INPUT DATA Block Start

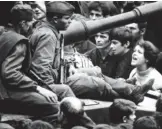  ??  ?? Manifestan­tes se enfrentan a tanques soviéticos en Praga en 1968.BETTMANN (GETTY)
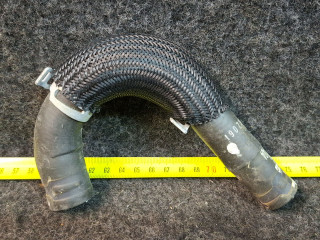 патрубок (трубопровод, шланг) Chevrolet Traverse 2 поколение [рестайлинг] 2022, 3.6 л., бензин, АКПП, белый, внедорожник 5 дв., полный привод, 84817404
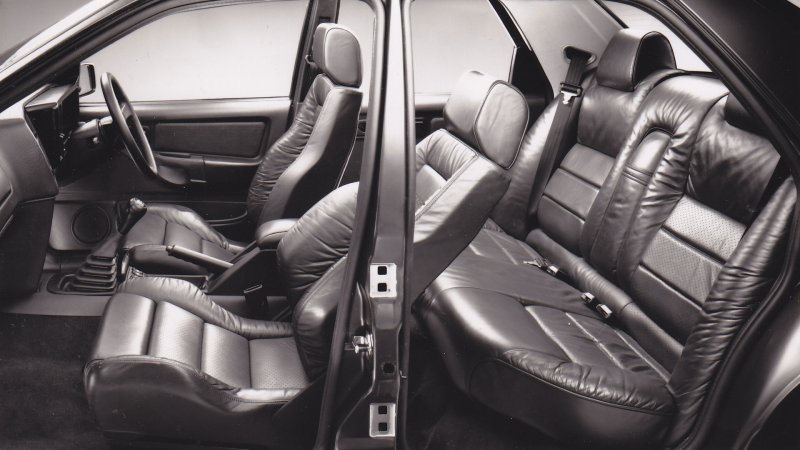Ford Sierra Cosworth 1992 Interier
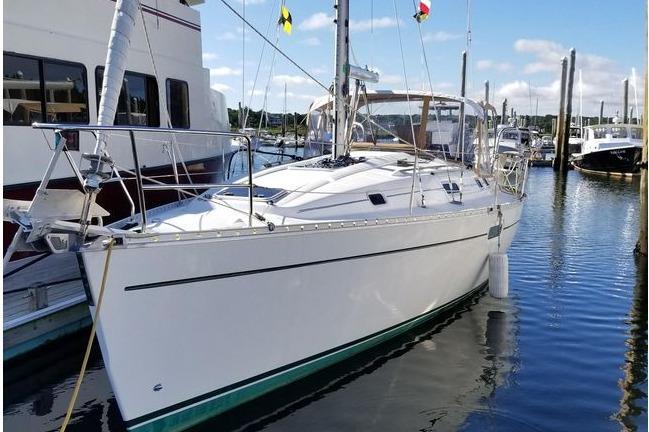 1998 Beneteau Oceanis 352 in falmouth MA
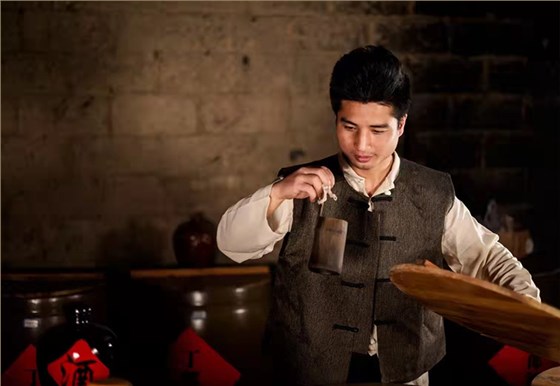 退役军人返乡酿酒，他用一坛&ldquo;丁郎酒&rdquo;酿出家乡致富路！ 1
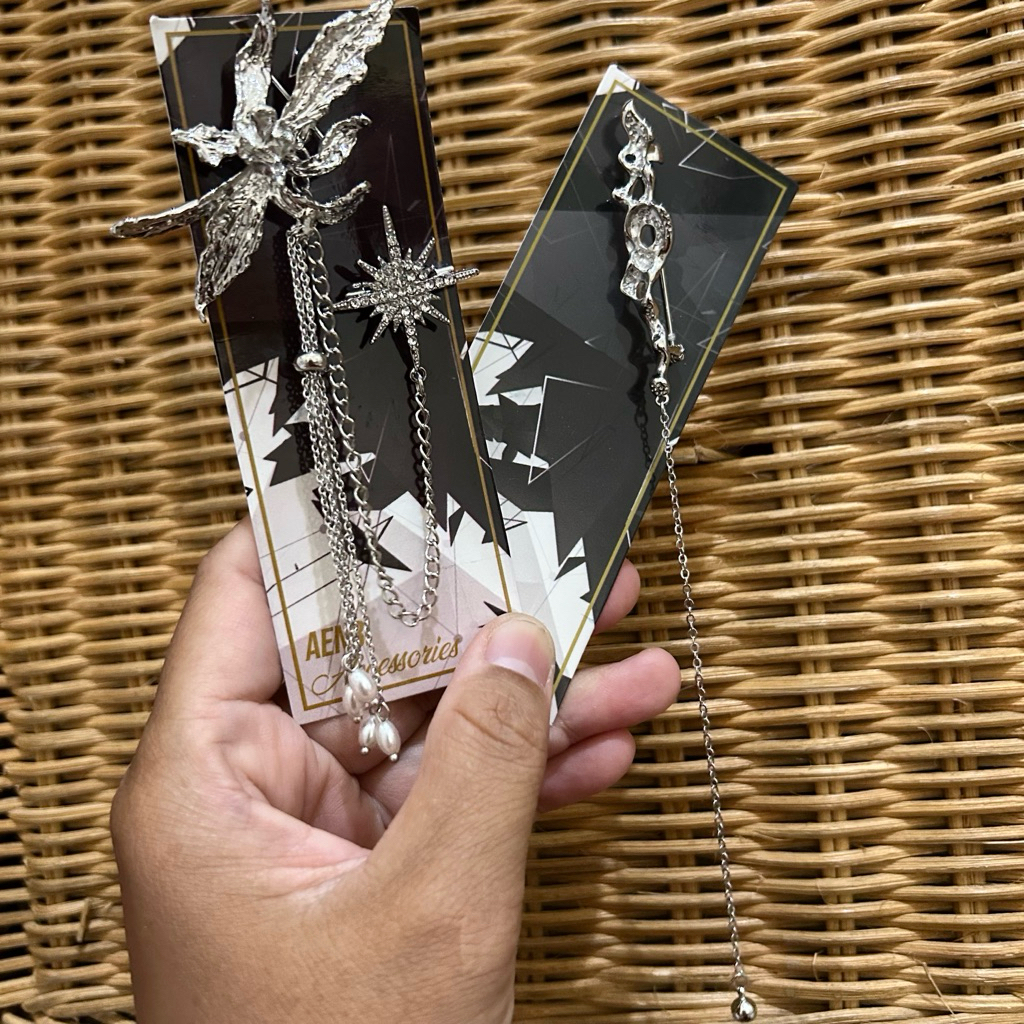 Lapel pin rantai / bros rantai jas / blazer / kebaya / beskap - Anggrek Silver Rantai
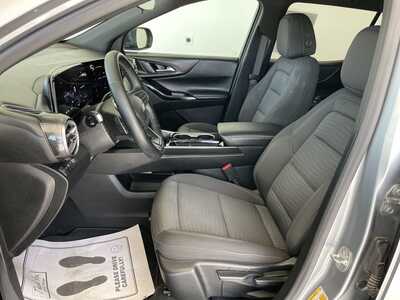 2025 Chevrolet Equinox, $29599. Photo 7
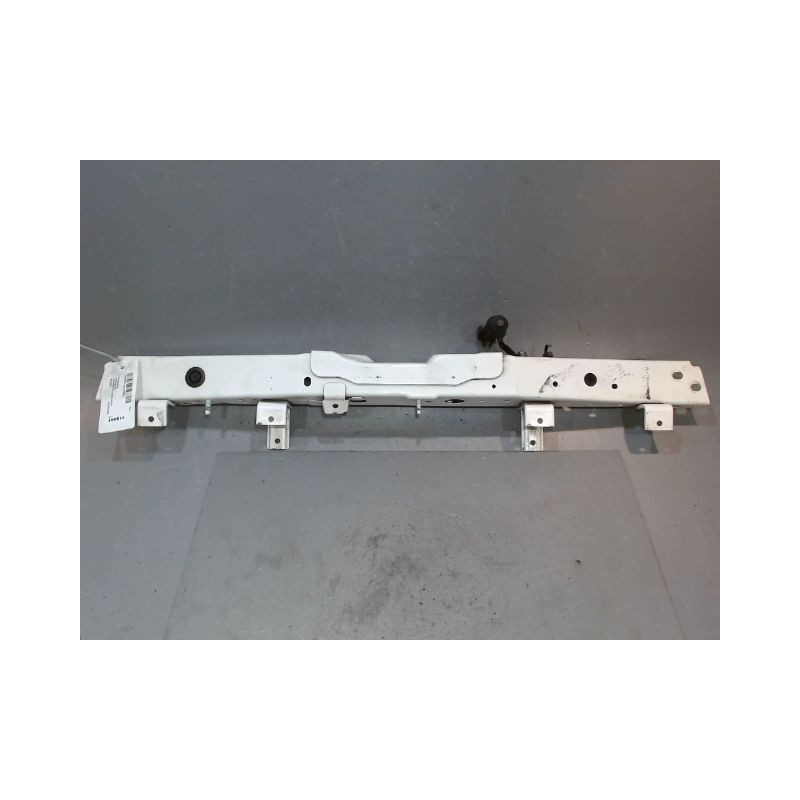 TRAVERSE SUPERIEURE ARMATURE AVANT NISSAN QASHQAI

INPUT DATA Block End
INPUT DATA Block Start

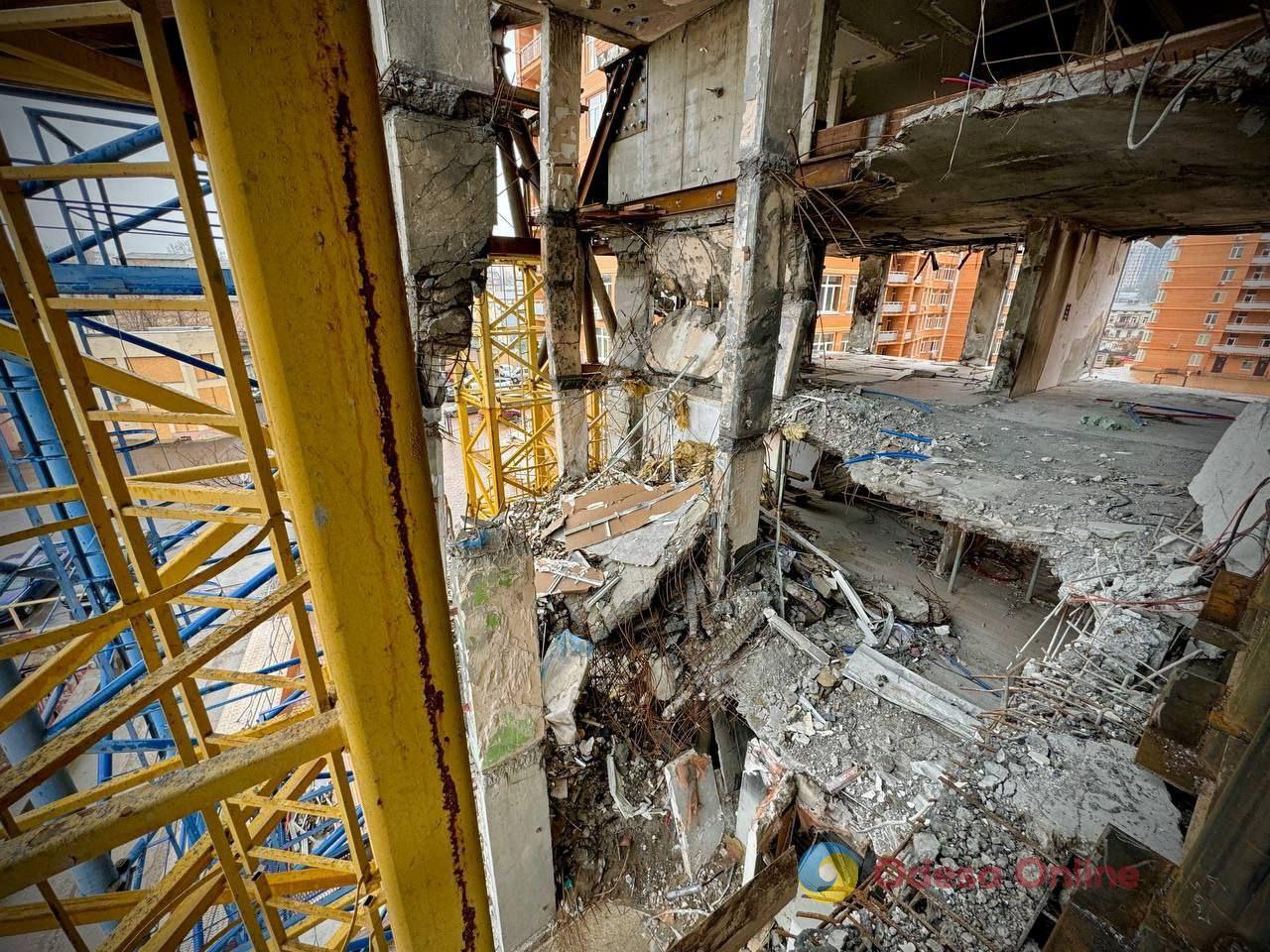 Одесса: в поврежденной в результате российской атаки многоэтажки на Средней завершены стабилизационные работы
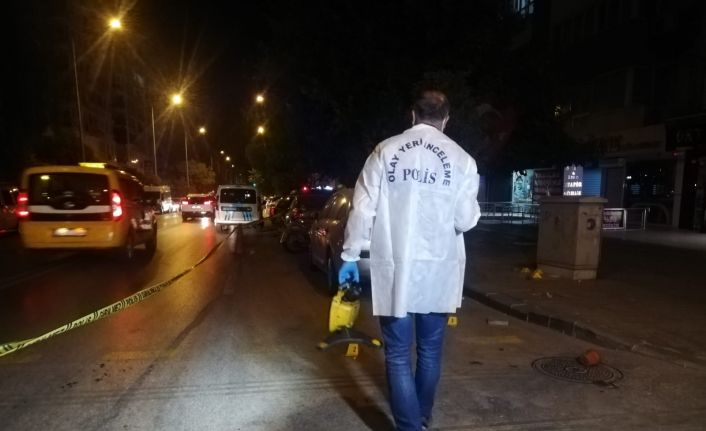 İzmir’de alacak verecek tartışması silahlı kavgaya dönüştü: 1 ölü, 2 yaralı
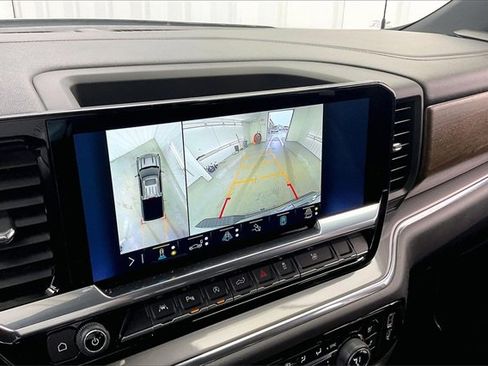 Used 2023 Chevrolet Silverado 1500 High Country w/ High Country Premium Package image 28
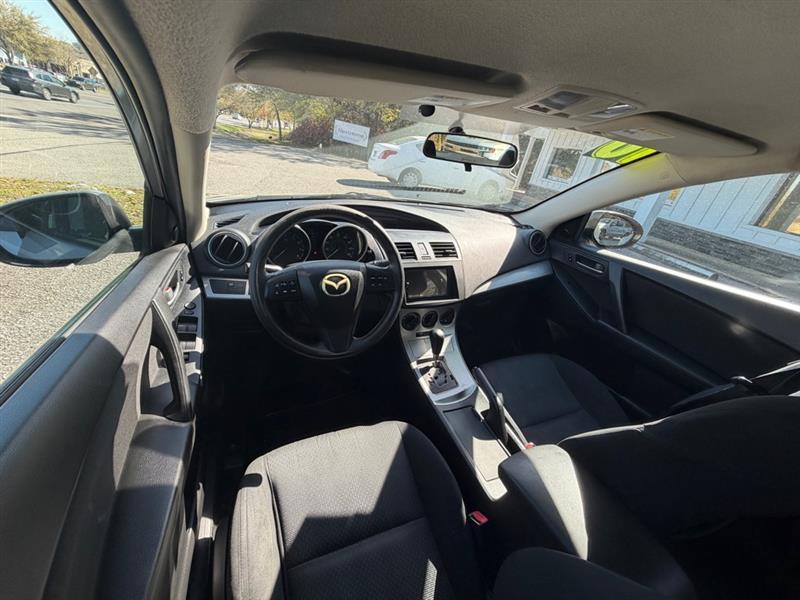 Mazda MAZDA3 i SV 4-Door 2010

INPUT DATA Block End

EXERCISE AIM -> Beginning with the line above that has "en 1968.BETTMANN (GETTY)" and going on through the line that has "TRAVERSE SUPERIEURE ARMATURE", retype every line exactly and add nothing else; drop the pictures.

SOLUTION ->
  ??  ?? Manifestan­tes se enfrentan a tanques soviéticos en Praga en 1968.BETTMANN (GETTY)
 патрубок (трубопровод, шланг) Chevrolet Traverse 2 поколение [рестайлинг] 2022, 3.6 л., бензин, АКПП, белый, внедорожник 5 дв., полный привод, 84817404
Ford Sierra Cosworth 1992 Interier
 1998 Beneteau Oceanis 352 in falmouth MA
 退役军人返乡酿酒，他用一坛&ldquo;丁郎酒&rdquo;酿出家乡致富路！ 1
 Lapel pin rantai / bros rantai jas / blazer / kebaya / beskap - Anggrek Silver Rantai
 2025 Chevrolet Equinox, $29599. Photo 7
 TRAVERSE SUPERIEURE ARMATURE AVANT NISSAN QASHQAI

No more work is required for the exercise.